Formación, perspectiva de género y protocolos vivos: la urgencia que deja la muerte de Lucas
La muerte de Lucas no solo revela fallos concretos; señala una falla sistémica. Lo ocurrido no es un hecho aislado. Andalucía acumula precedentes recientes donde la no activación —o la activación insuficiente— de protocolos educativos o sanitarios derivó en tragedias o en daños graves, como en el caso reciente de Sandra, la chica de 14 años que se suicidó tras sufrir un presunto acoso escolar.
Los protocolos contra la violencia de género o maltrato infantil no deben hacerse para permanecer olvidados en un cajón; deben ser una guía viva que debemos tener siempre en mente en cualquier ámbito profesional y más cuando hablamos del ámbito educativo y sanitario.

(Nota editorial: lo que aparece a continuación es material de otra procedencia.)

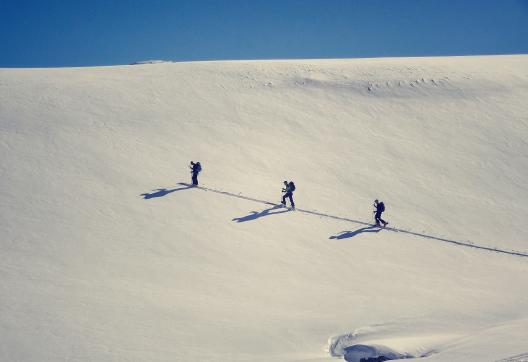 Expédition et ski de randonnée en montée au Grand Paradis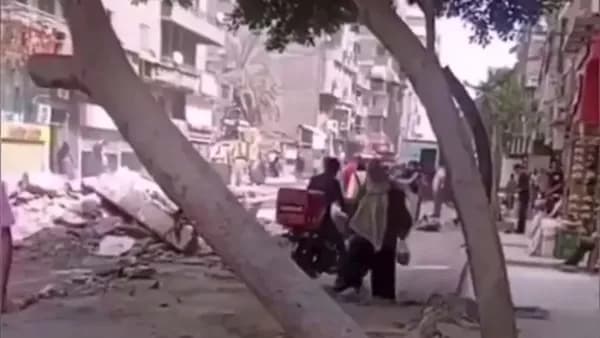محافظة القاهرة تنفي قطع شجرة بعين شمس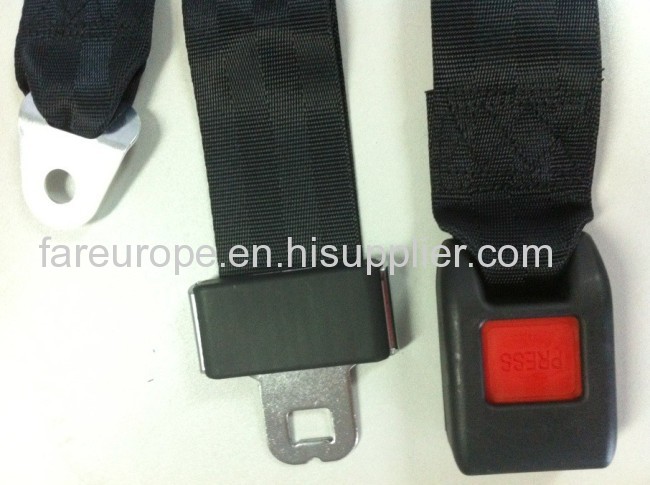 2 Point non-standard seat belt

Es imprescindible una formación periódica obligatoria y perder el miedo a activar dichos protocolos a pesar de la involución contra los servicios sociales orquestada por la sociedad más reaccionaria. Sin perspectiva de género ni reconocimiento explícito de la violencia contra menores, se seguirá confundiendo el riesgo. Nombrar correctamente lo que ocurre es el primer paso para actuar.
Los centros educativos y sanitarios deben entender que no están denunciando a una familia, sino protegiendo a un niño. Y que sus comunicaciones no son opcionales: son obligatorias.
El caso de Lucas es un recordatorio doloroso de que los protocolos no sirven si no se aplican, y de que la política no puede distorsionar la comprensión de la violencia en el hogar. Mientras la administración autonómica siga abrazando conceptos que diluyen la violencia machista y la infantil, y mientras los centros educativos o sanitarios teman “exagerar”, otros niños quedarán expuestos.
Lucas tenía cuatro años. No podía pedir ayuda.
Le correspondía al sistema protegerlo. Y el sistema falló.